The tree was more than a century old, and the team felt it would be a powerful statement to incorporate its presence in the design of the new building. In other words, there needed to be a way to integrate the building design with the existing environment, and not the other way around.

Designed by Saucier + Perrotte, with Pageau Morel and SDK, the Anne-Marie Edward Science and Health Technologies Building on John Abbott College’s campus (Sainte-Anne-de-Bellavue, Que.) was built around a century-old Gingko tree. Photo © Christelle Proulx

The new Anne-Marie Edward Science and Health Technologies Building is a six-storey facility with a gross area of 11,280 m2 (121,416 sf) and a net interior area of 6200 m2 (66,736 sf). It contains classrooms, faculty offices, teaching laboratories with chemical fumehoods, social spaces, and a large atrium connecting every floor. This building is shaped at a 40-degree angle to fold around the Ginkgo. Also, the main staircase of the building, centrally located and fully glazed to the exterior, is designed to emulate the tree, with its branches extending upward. Fully glazed curtain wall and large windows were installed on a significant portion of the building to maximize natural light and views so the occupants could easily connect with the exterior.

This building was named after Anne-Marie Edward, a John Abbott graduate and engineering student who was one of the victims of the 1989 shooting at École Polytechnique in Montréal. The school felt the new science building, through engineering and applied sciences, showed how humans must contribute to environmental sustainability by using applied knowledge and technology.

Technical features
Since this building had a lot of energy-intensive laboratories, it was paramount to include, in the early stages of design, advanced computerized energy calculation to evaluate different possibilities for overall energy consumption. The best-performing option considering the use of the building within the available budget included geothermal wells, thermal storage, radiant heating and cooling, and a decentralized fan coil network combined with efficient ventilation units.

The simulation based on the 1997 Canadian Model National Energy Code for Buildings (MNECB) predicted the building would use 39 per cent less energy than the baseline. Once the building was completed, real energy usage was monitored for the first year of operation and the results exceeded expectations by 10 per cent. In fact, actual energy use in the building is 45 per cent lower than the baseline case. Annual site energy intensity is currently 151 kWh/m2, whereas the baseline is 275 kWh/m2.
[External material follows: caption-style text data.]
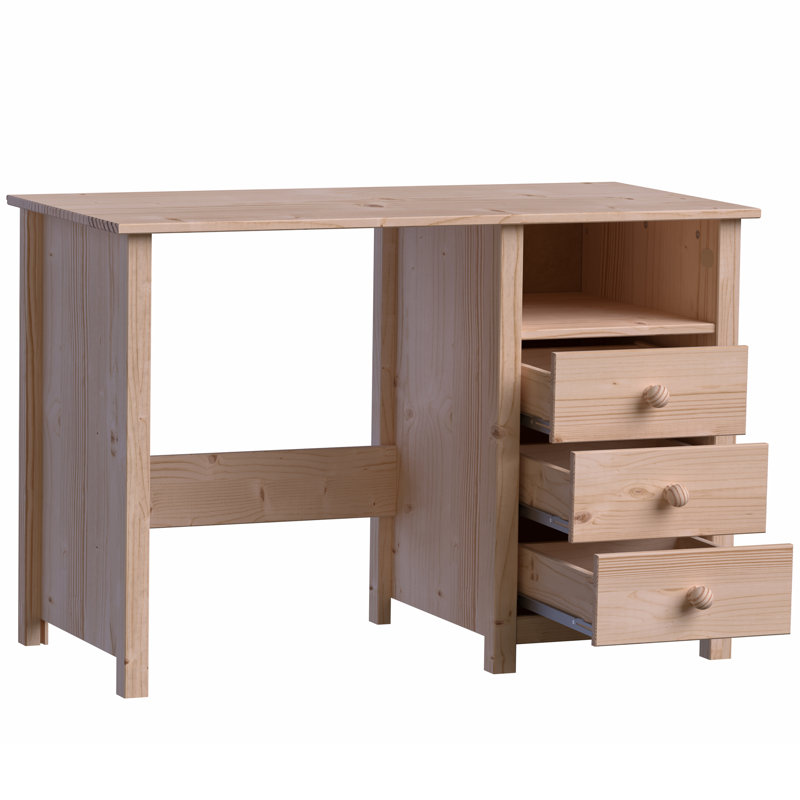 From the Tree Furniture Solid Wood Desk with Drawers – Compact Study Desk for Kids & Adults, Space-Saving Home Office Writing Table, Real Pine Construction
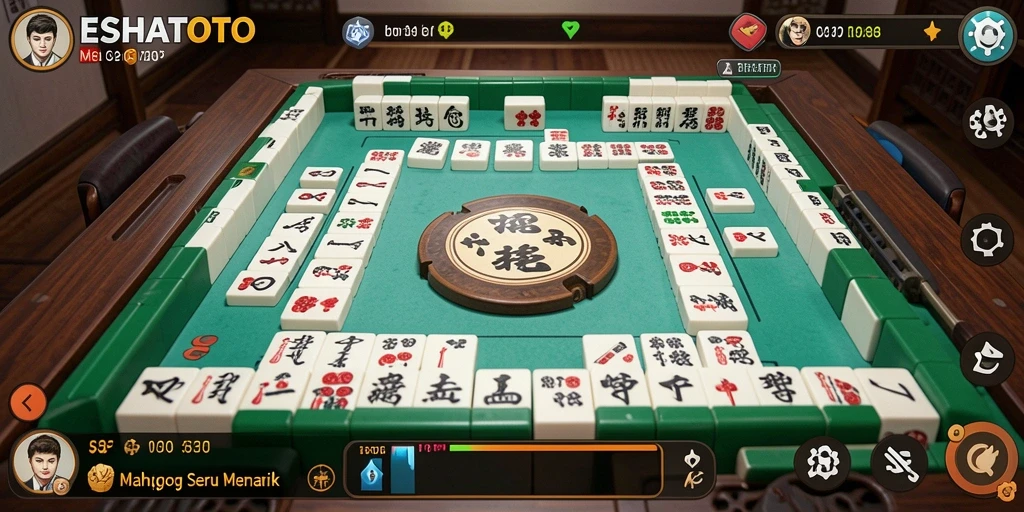 Tampilan gameplay ESHATOTO saat bermain Mahjong yang menantang.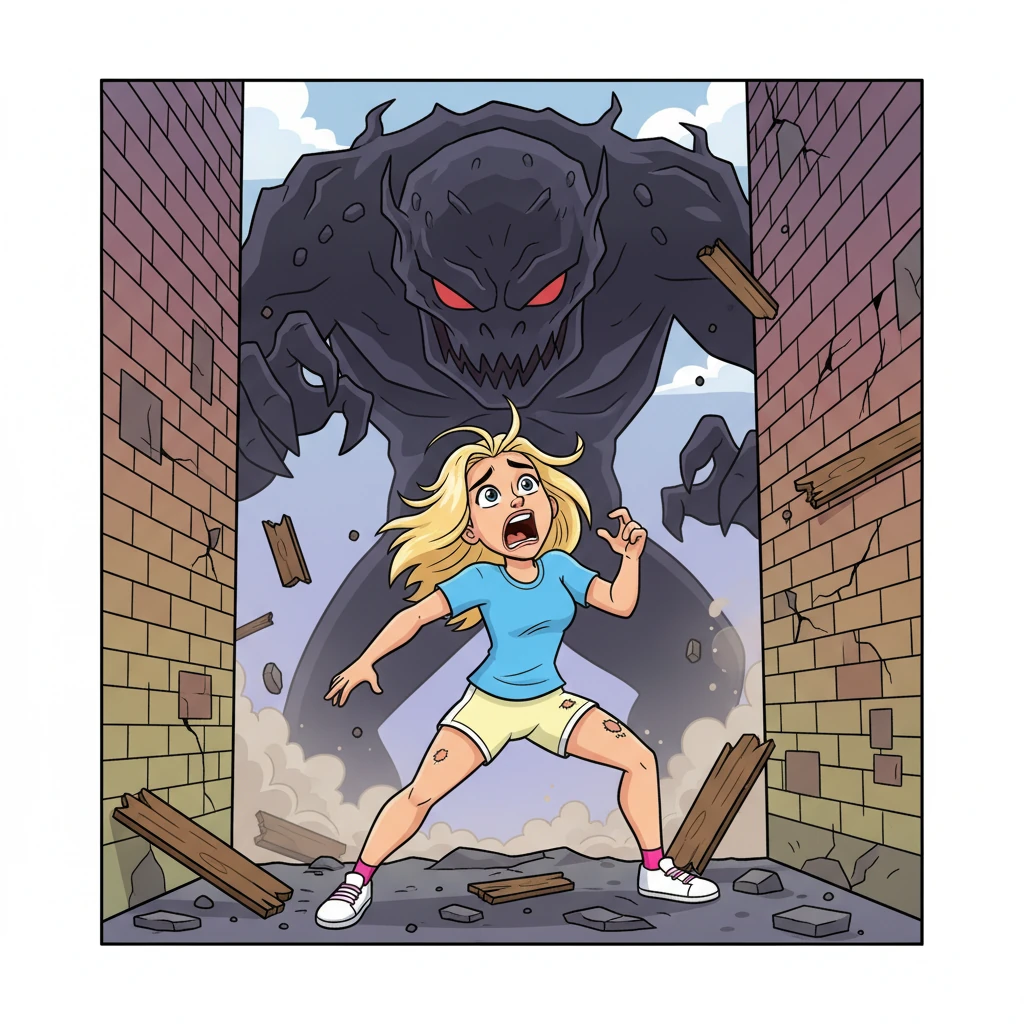 Cornered in a collapsing alleyway by the monster, Max stumbles, her clothes tearing slightly from the debris and her hair disheveled. The monster's enormous, shadowy form looms over her, creating a moment of intense vulnerability and fear, hinting at a loss of personal space as she faces imminent danger, her face contorted in a scream.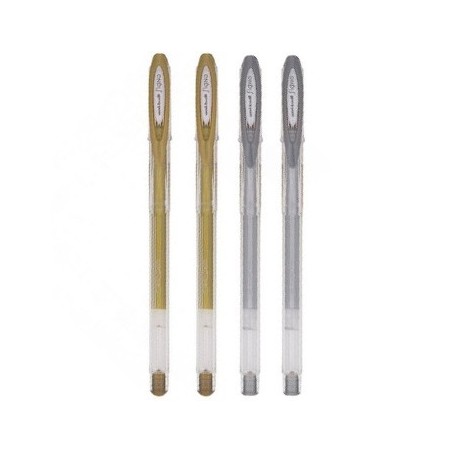 Esferográfica Ouro e Prata 0,8mm Gel Uni UM120NM Signo 2+2un
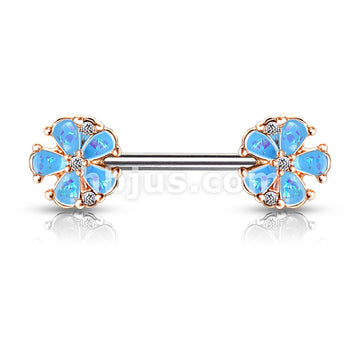 316L Surgical Steel Opal Glitter Filled Rose Gold Plated 5 Petal Flower... - Image 4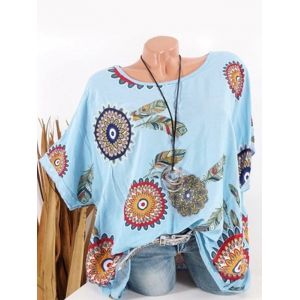 

Plus Size Batwing Sleeve Tribal Feather Print Sequin Tee, Light blue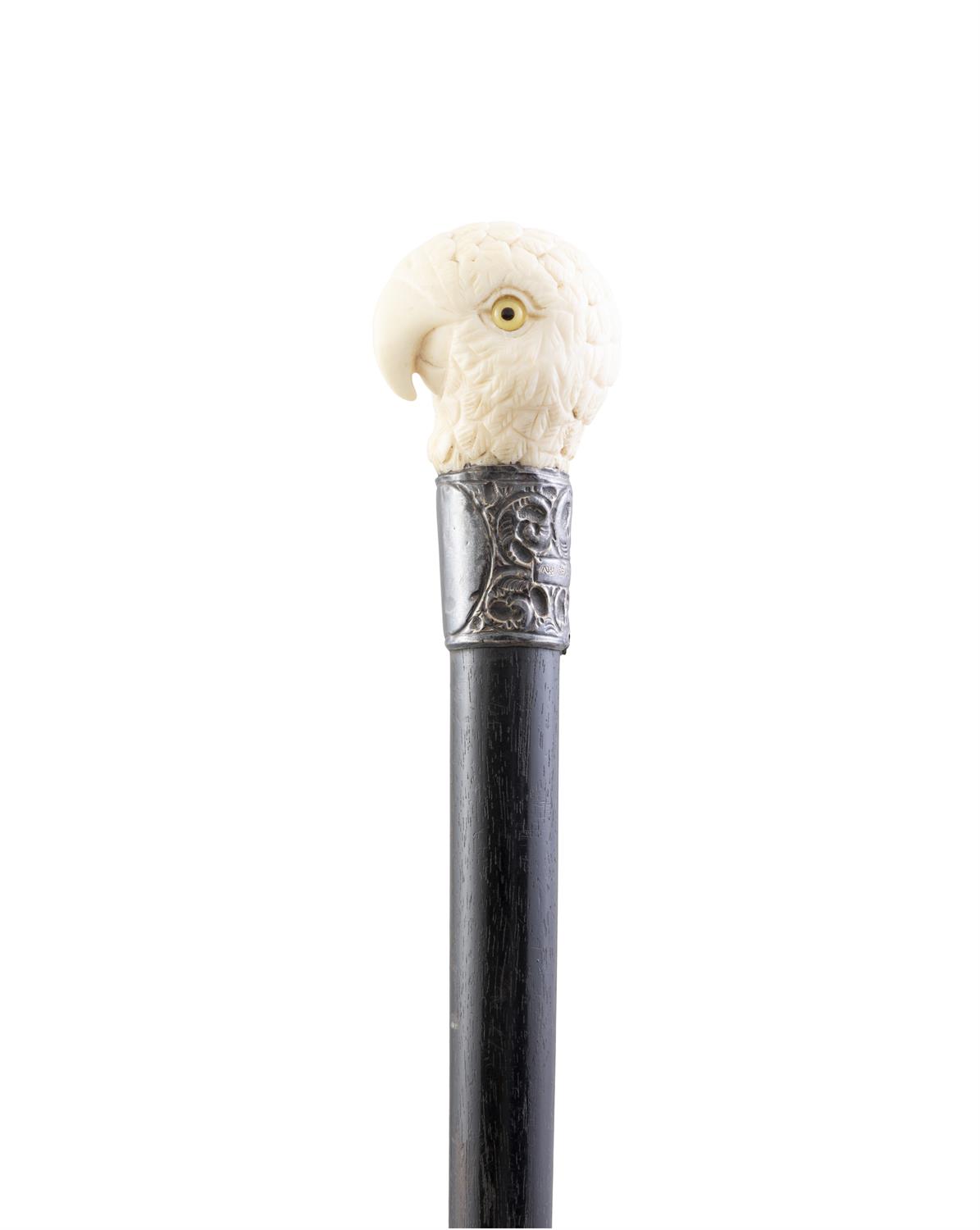 *A WALKING CANE, 19TH CENTURY with carved ivory 'fist handle' top in the shape of parrot's head, - Image 2 of 12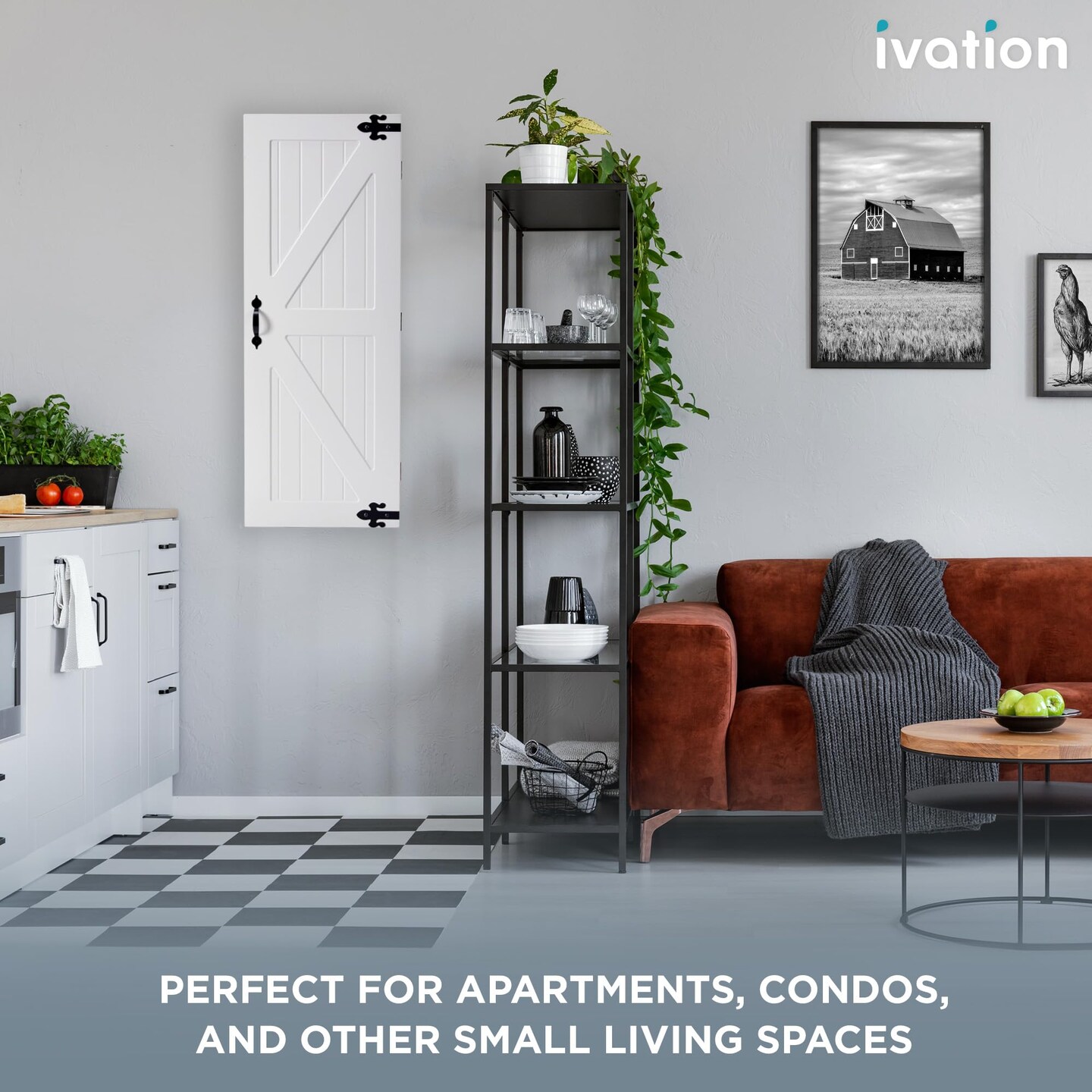 Ivation Foldable Ironing Board Cabinet Wall-Mount with Farmhouse Door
Key mechanical elements helped contribute to the building’s energy efficiency. For example, a hydronic network creates and distributes the energy all around the building; it is truly of vital importance to the building operation. This network is composed of 40 geothermal wells, each around 120 m (394 ft) deep. They are used to reactivate two 3000-L (792.5-gal) thermal storage tanks. These tanks—one cold and one hot—are connected to five two-stage heat pumps for a total capacity of more than 175 tonnes. They can simultaneously produce hot and cold water for the building needs.